AVI, what was it about seeger that made him such a bad American? I really am not aware of him...he musta been before my time.

Anonymous said...

Good post Bob and an essential supplemental Will.
"Debating" with leftists, if you can manage to find one that will debate, is a waste of time (I know, I have tried, as have countless others).
It's like trying to show evidence to the sleeping jurors in the OJ Simpson trial.
The right is awake and objective, and the left is asleep and subjective.
The evidence of the left is the stuff that dreams are made of, and in many cases nightmares.
Only when true reality is accepted, can mind-changing debate begin.
I was fortunate to join the Navy at 17.
I was immediately immersed in glorious, horrific reality; Ben meet reality, reality this is Ben, go easy on him (snicker).
Kind of like jumping in an ice cold river (with real ice, and yes, I did that once); OKAY! I'M AWAKE NOW! BRRR!
I thank God that I was inspired to make that leap into reality (though I thought it would be like the movies).

Anonymous said...

No better response to Good Friday than Confession.

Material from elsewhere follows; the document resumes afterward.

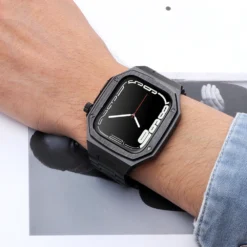 integral case & strap mod kits for apple watch series 8 7 6 5 4 se 44/45/40/41mm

There will be long lines at Catholic churches into the evening. It is truly one of the great institutions/Sacraments of the Catholic church - even those "holiday" church goers (Christmas & Easter) have at least 2 opportunities to wipe their slate clean.

Love the photo!

Anonymous said...

Ben -

Reality-introduction - and if there's a decent definition of "Enlightenment", it would be "extreme sobriety" - always requires a trauma somewhere along the line.

I think we always think it's gonna be like "in the movies".

Lisa said...

Afternoon All,
My motherboard shorted out last night. I guess all this insight is too hot too handle for a Dell!

I have given up on trying to help lefties see the light. They are in denial of history and facts. It is like trying to have a conversation with a toaster. Unfortunately, most of my oldest friends are stuck in the leftist downward spiral. I really don't even care if I hang out with them anymore because I don't feel comfortable speaking my mind. We can only reminisce about the good old days. I have made some new friends that I have more in common with. I am finding that the older I get, the smaller number of people I consider to be good friends. Sometimes I wonder how I gradually changed from a rebellious apathetic lefty and my friends still view the world the same exact way they did when we were kids. I know 9/11 was a major eye-opener for me. I also had to give up on my fantasy of everyone having good in them and accept and correctly identify that there is evil in the world.

Anonymous said...

Okay, I know I'll get blasted, but I've got to stand up for ol' Pete.

C'mon, of all the people to pick on as a dangerous American?

Sure, he's about as naive a lefty as you can get, but - from all I know of him - he's a sincere and decent a human being. He's got his fantasy world of love and peace and la-de-da, but, unlike many, he has expressed himself in a positive and respectful way - not like the bile merchants we're subject to today.

Okay, so even if he inspired militant commies, the guy sang fricken songs about flowers and puppies. Should we loath the Beatles because of Helter Skelter's influence on Charles Manson? Or a whole generation of drug use?

Also, for all his peace songs, lets not forget Seeger's noble contributions to the civil rights movement and, many may not know, that Seeger - along with Woody Guthrie (and don't even think about slamming Woody!) - was part of a group called The Almanac Singers who recorded patriotic anthems during WWII.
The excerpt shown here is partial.